I can see the stakes hidden in there, but I really want them to jump up and smack me in the face. Make it heavier and clearer. You can do it!androidblues wrote:Thirteen year old Jin wants to conquer the world. She just needs an army. :)
After her father, the Emperor, is murdered by his most trusted adviser, Jin flees the Empire of Sol. She travels north to seek aid and convince the King of Tze to take action against the usurper. The coward ridicules her plans. :)
Jin then travels to the Western Desert to rally the nomad tribes to her cause. She offers them land within her empire, but she is laughed out of their tribal meeting because of her age. :)
When Jin is about to give up, Ishmael, a scribe, tells her of a magical staff hidden deep in the desert that once belonged to the Dragon King, the most terrifying ruler in history. He used the power of the staff to conquer the minds of his opponents. I think my issue with this is that it doesn't tell us what Jin plans on doing with the staff. I mean, it seems obvious, but another sentence wouldn't go amiss. Maybe, "He used the power of the staff to conquer the minds of his opponents, and Jin is going to use it to make her father's murderer eat poop." Or what not.

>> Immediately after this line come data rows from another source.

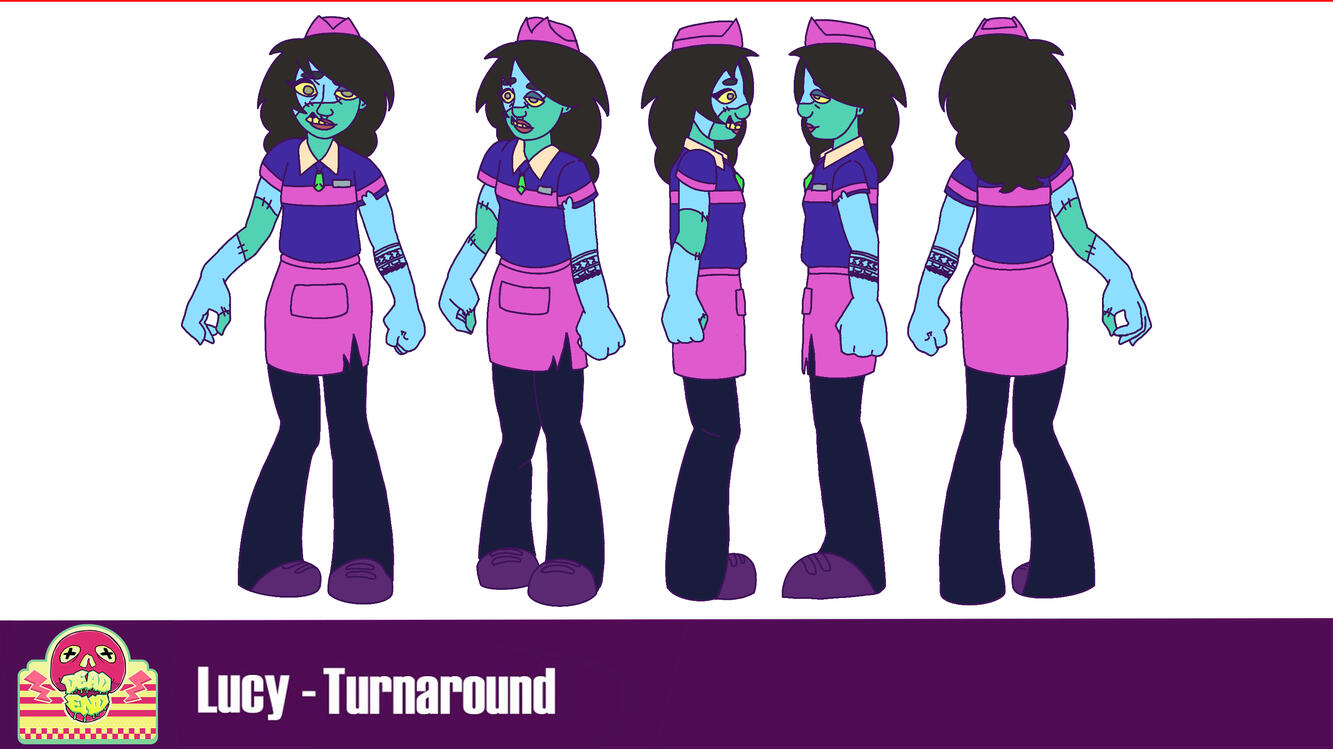 Lucy Turnaround Lucy Turnaround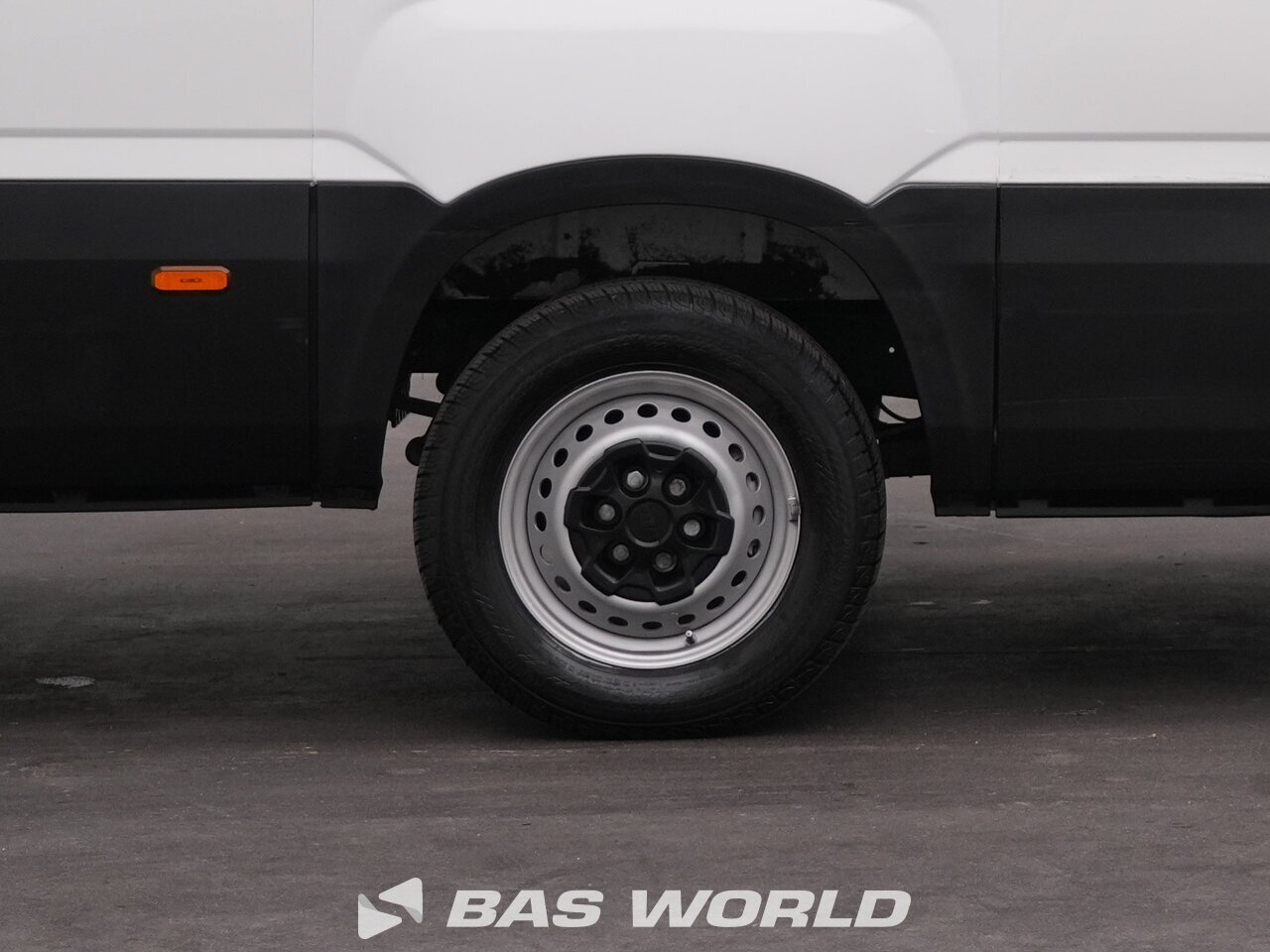Other : Iveco Daily 35S16 Lukket varebil
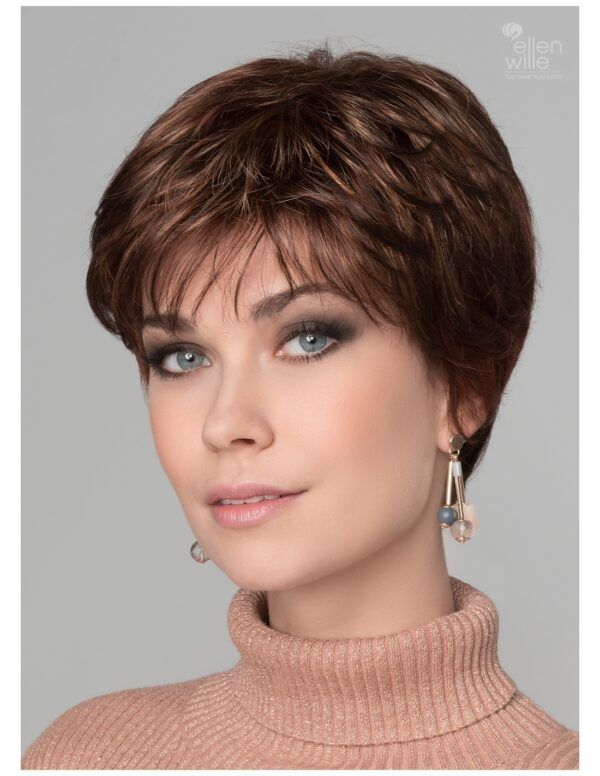 Synthetic Wig GOLD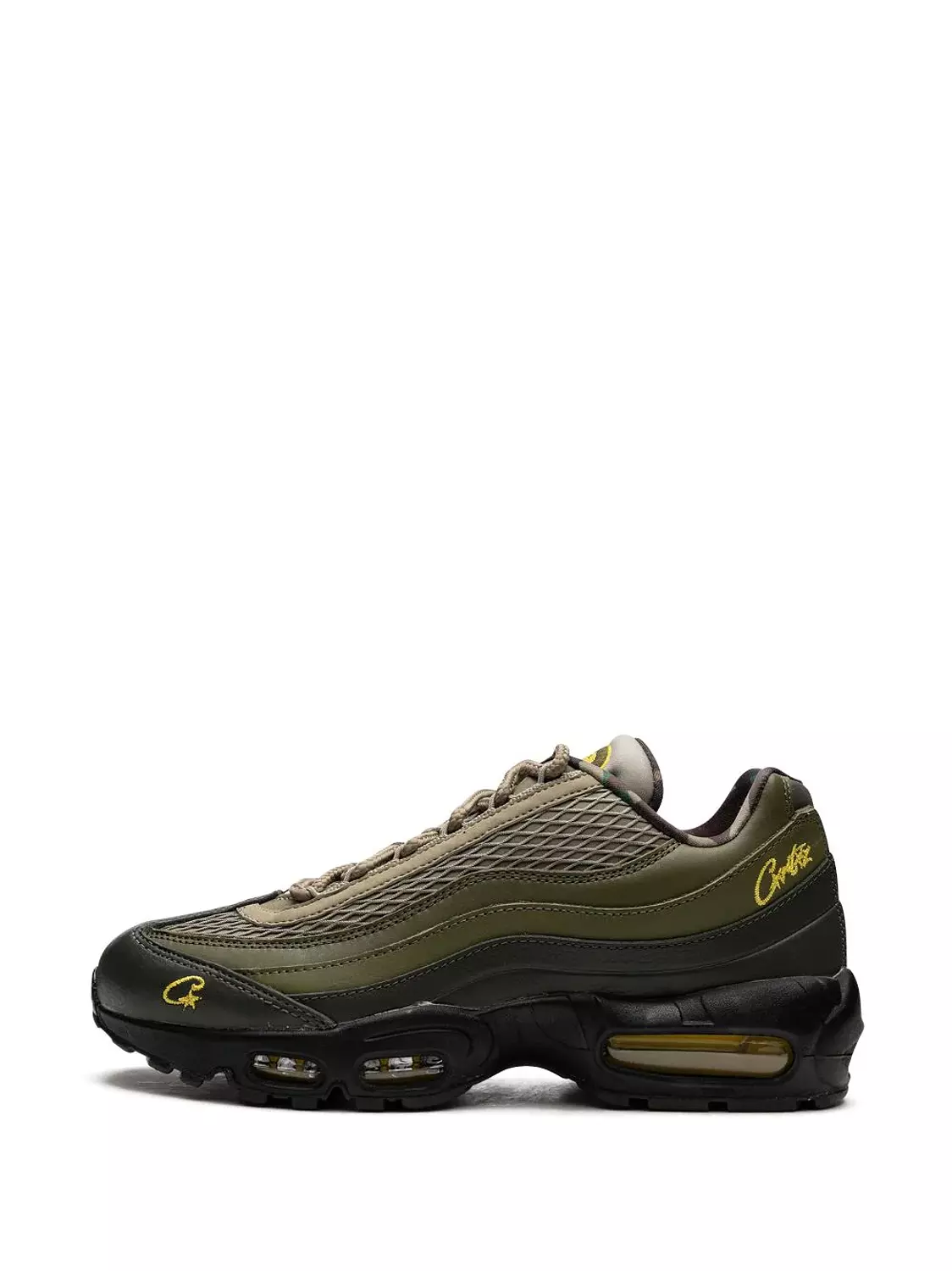 Nike x Corteiz Air Max 95 SP "Rules The World" sneakers 2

In exchange for the treasure hidden in the palace, Jin convinces Ishmael and his friends to join her to help her search for it. Yet the journey into the desert is more difficult than Jin predicts. Carnivorous sand creatures lurk inside every dune, and they must dodge a group of shaman that offer to escort them to the palace of the Dragon King - in exchange for their souls.
When their water supply runs out, they must decide to turn back or continue on. But there is no return for Jin, not when the King of Tze informed the Emperor murderer of her plans to overthrow him. She hopes that obtaining the staff will give her a chance for revenge, though she risks sacrificing the lives of her companions. But if they turn back an elite army is waiting to kill her. My issue with this paragraph is the first clause in the second sentence. If there's no return for Jin, then it's not a decision at all. She's going on. So...reword? Or make a bigger deal out of her getting abandoned by the others? Or something? I dunno.
QUEEN OF HEAVEN is a 60,000 word YA fantasy novel that will appeal to readers of Melissa Marr.